• Exercise aim:
Omit every picture. Return all other data as it stands.

• Data section:
____________

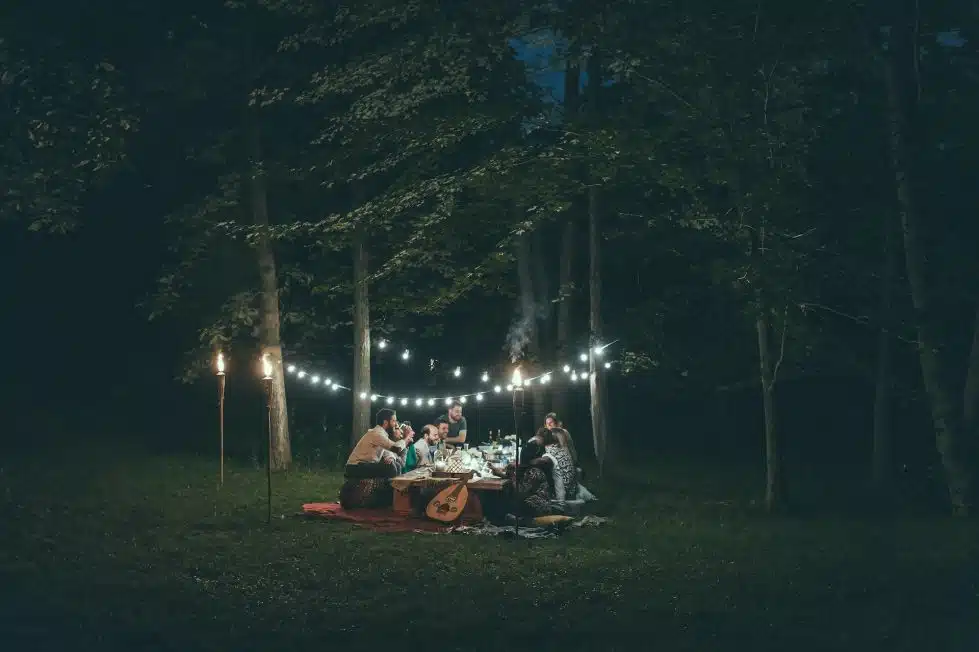 A group of people in a forest at night around a picnic table illuminated by white lights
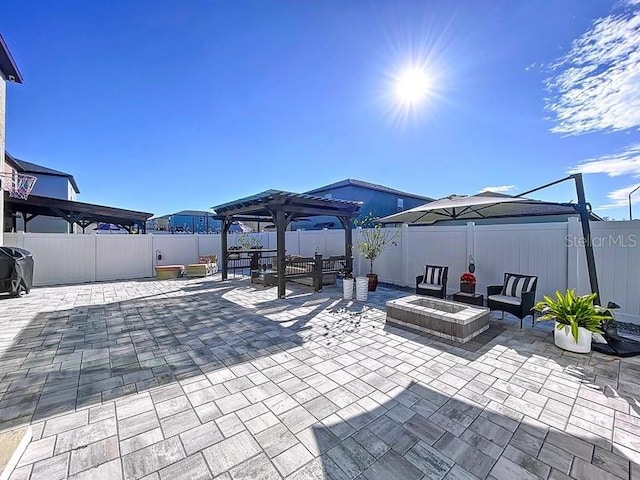 view of patio featuring a fenced backyard, a fire pit, and a pergola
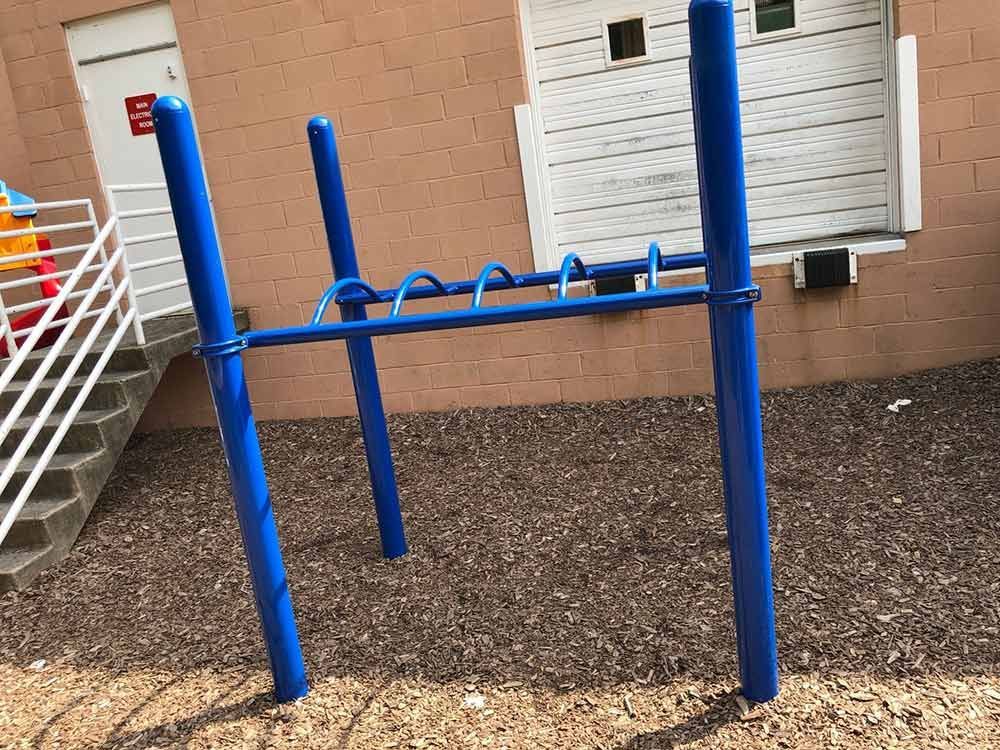 Blue outdoor exercise bars beside a building and stairs, over gravel ground.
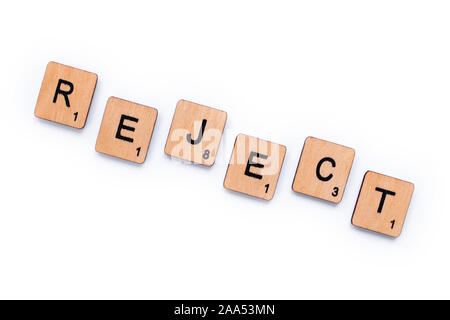 London, UK - June 13th 2019: The word REJECT, spelt with wooden letter tiles over a white background. Stock Photo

____________

• Problem solution:
 A group of people in a forest at night around a picnic table illuminated by white lights
 view of patio featuring a fenced backyard, a fire pit, and a pergola
 Blue outdoor exercise bars beside a building and stairs, over gravel ground.
 London, UK - June 13th 2019: The word REJECT, spelt with wooden letter tiles over a white background. Stock Photo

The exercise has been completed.